Wat als we al wetend zijn maar het vergeten zijn?

Stel je voor dat alles wat je ooit zou kunnen weten — over jezelf, het universum, liefde, tijd, waarheid — al ergens in jou aanwezig is. Niet als iets dat nog ontdekt moet worden, maar als iets dat je bent vergeten. Wat als leren in essentie geen vergaren van nieuwe kennis is, maar een herinnering van iets wat je altijd al wist?

Deze gedachte is niet nieuw. In de Griekse filosofie noemde Plato dit anamnèsis — de ziel die zich kennis herinnert die zij vóór haar incarnatie al bezat. Volgens deze zienswijze zijn we in essentie alwetend, maar zijn we door onze lichamelijke ervaring de verbinding met deze kennis verloren. Elk inzicht dat we opdoen, elk ‘aha-moment’, zou dan niet een ontdekking zijn van iets nieuws, maar een herontdekking van iets wat al in ons lag opgeslagen.

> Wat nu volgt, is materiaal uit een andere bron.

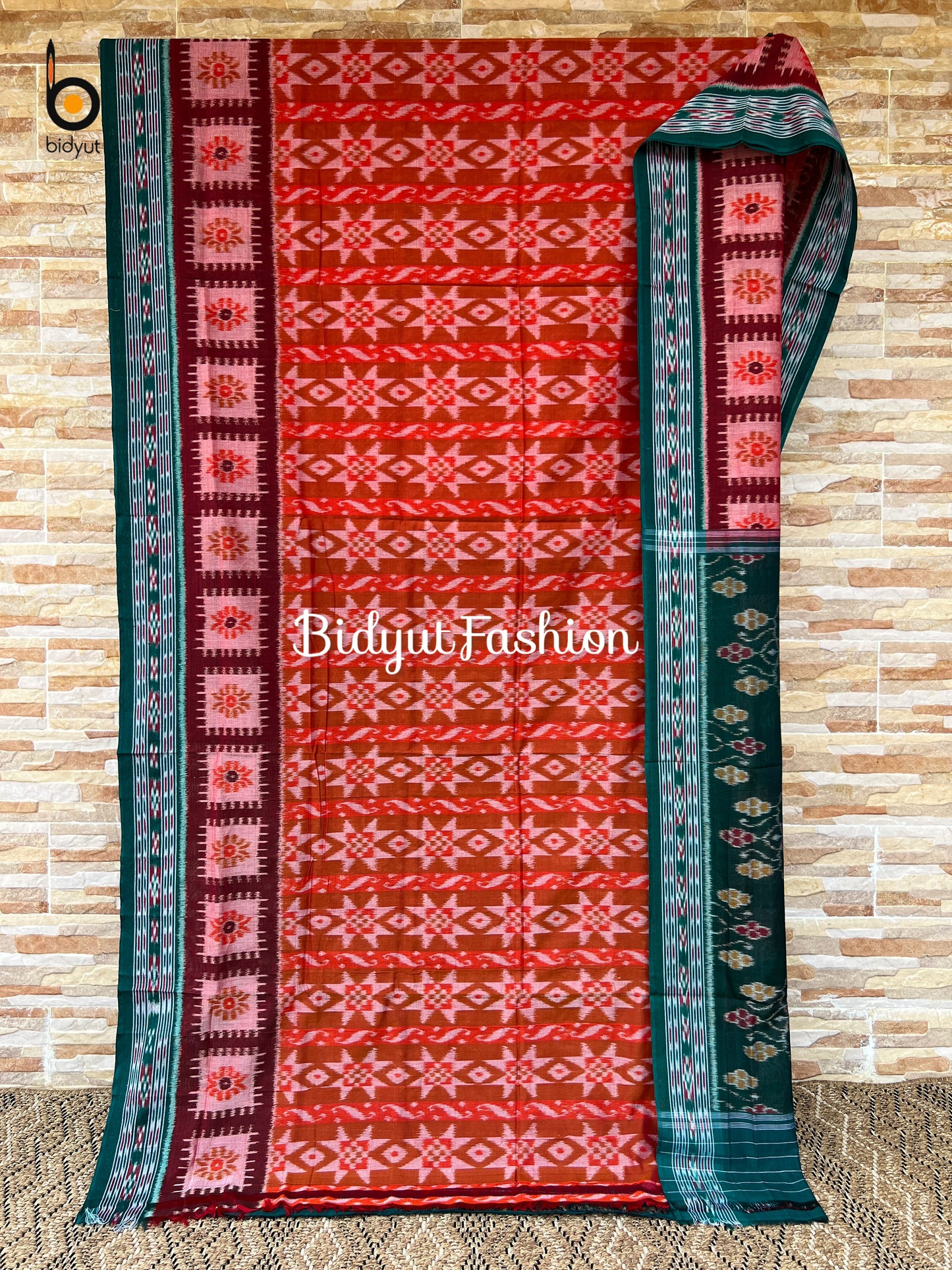 Odisha handloom Nuapatna Maniabandha Ikat Cotton Saree Orange color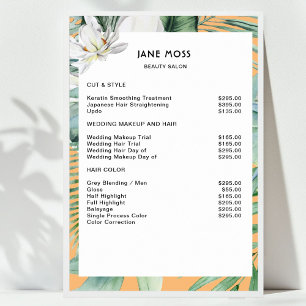 Modern, salon, watercolor tropical Price List   Poster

Ook in mystieke tradities en bepaalde vormen van boeddhisme of hindoeïsme leeft het idee dat het ‘zelf’ een sluier draagt die het zicht op de waarheid belemmert. Spirituele oefening is dan een proces van ontdoen, loslaten, ontwaken. Niet naar buiten gericht, maar naar binnen. Alsof we langzaam wakker worden uit een droom die ons liet geloven dat we onwetend zijn.

Maar wat betekent dit voor onze manier van leren, opvoeden en onderzoeken? Als we vertrekken vanuit de aanname dat we innerlijk al weten, hoe verandert dat onze houding ten opzichte van twijfel, nieuwsgierigheid en verwondering? Moeten we dan stoppen met zoeken, of juist leren luisteren naar wat diep in ons al resoneert?

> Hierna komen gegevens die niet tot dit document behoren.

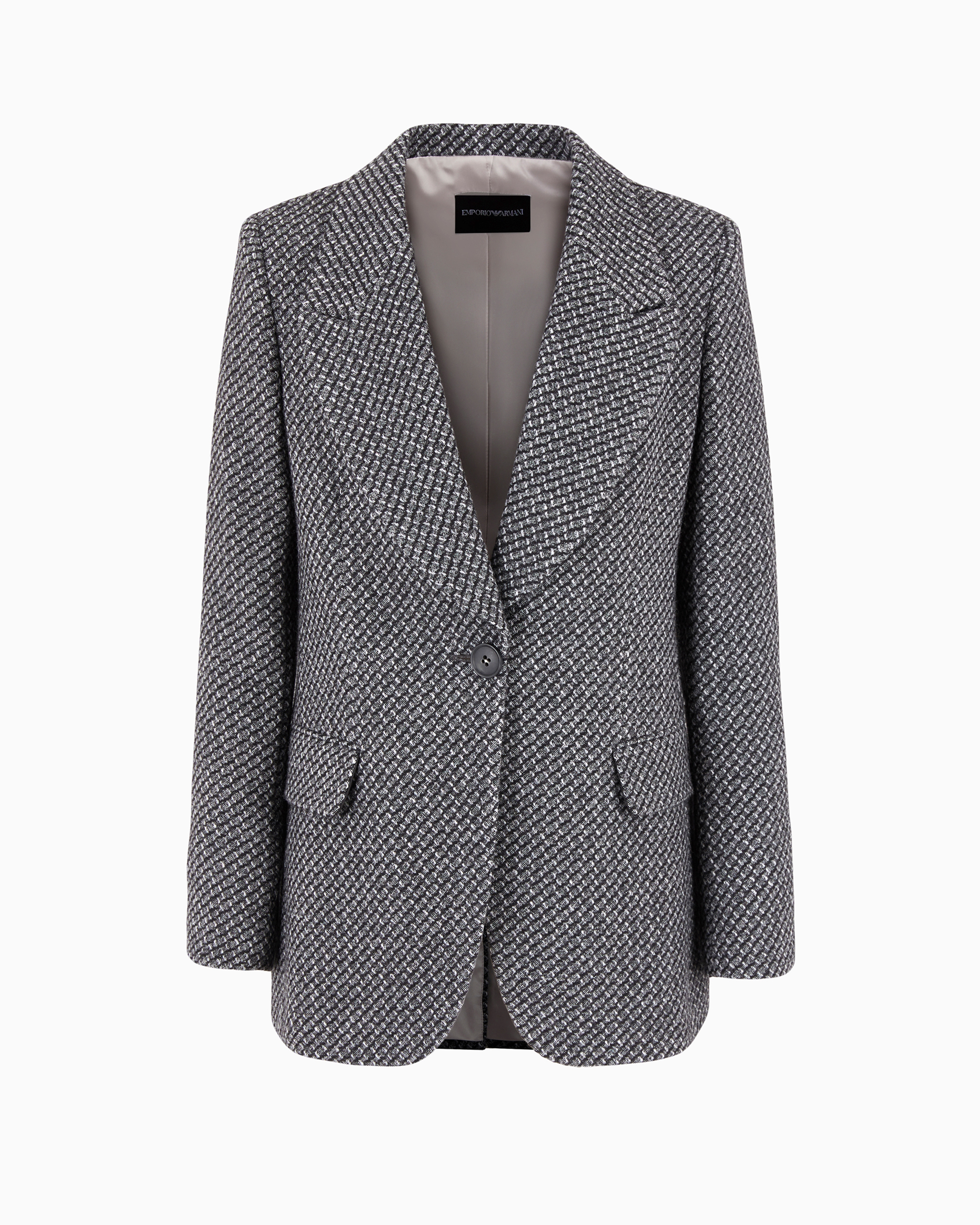 Emporio Armani Single-breasted Jacket In A Mélange Wool-blend Knit With A Textured Pattern In Gris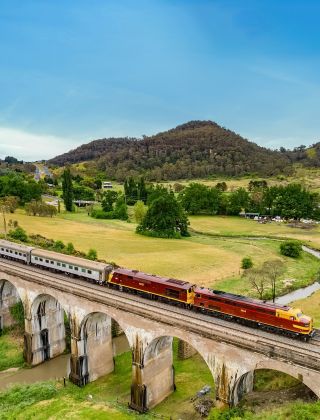 Train passing a bridge in regional NSW 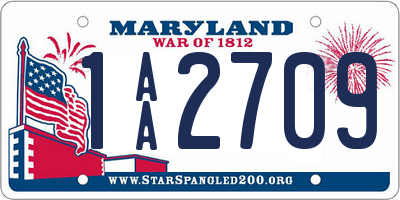 MD license plate 1AA2709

Of is deze gedachte slechts een romantische illusie? Is kennis simpelweg iets wat van buiten komt, opgebouwd door ervaring, interactie, studie? Is vergeten niet iets wat voorafging aan weten, maar juist een gevolg ervan?

Misschien ligt de waarheid ergens tussen herinnering en verwarring, tussen binnen en buiten, tussen weten en niet-weten. Maar als je deze vraag even serieus neemt — echt tot je laat doordringen — verandert er dan iets in hoe je jezelf ziet?

Wat denk jij?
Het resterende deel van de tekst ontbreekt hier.